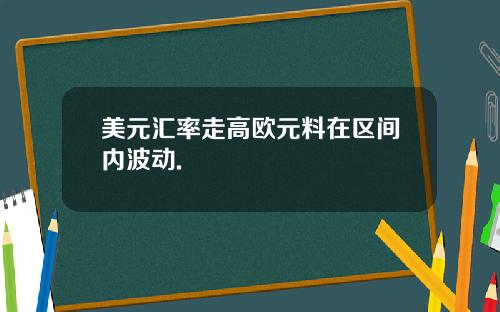 美元汇率走高欧元料在区间内波动.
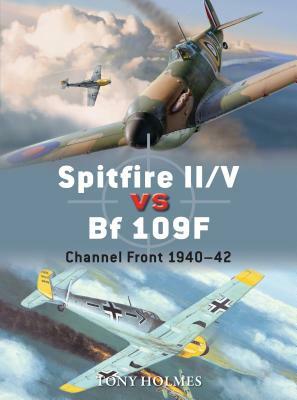 Spitfire II/V Vs Bf 109f: Channel Front 1940-42 by Tony Holmes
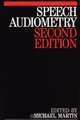 Speech Audiometry, Michael Martin 
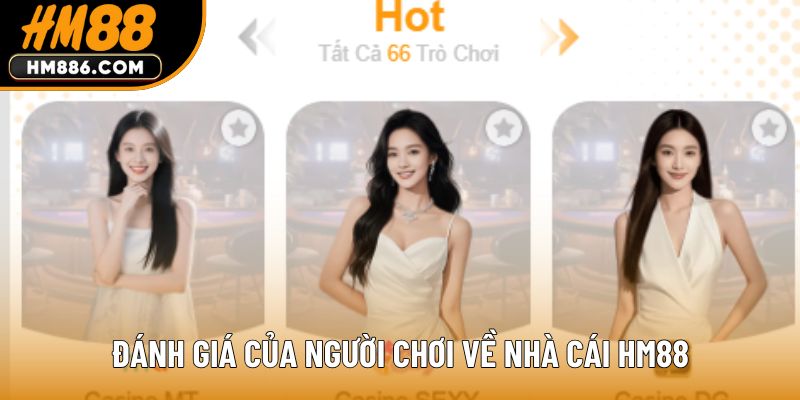 Đánh giá của người chơi về nhà cái HM88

» WHAT TO DO
Everything in the listing should be repeated exactly except the pictures.

» RESULT OF THE TASK
 美元汇率走高欧元料在区间内波动.
 Spitfire II/V Vs Bf 109f: Channel Front 1940-42 by Tony Holmes
 Speech Audiometry, Michael Martin 
 Đánh giá của người chơi về nhà cái HM88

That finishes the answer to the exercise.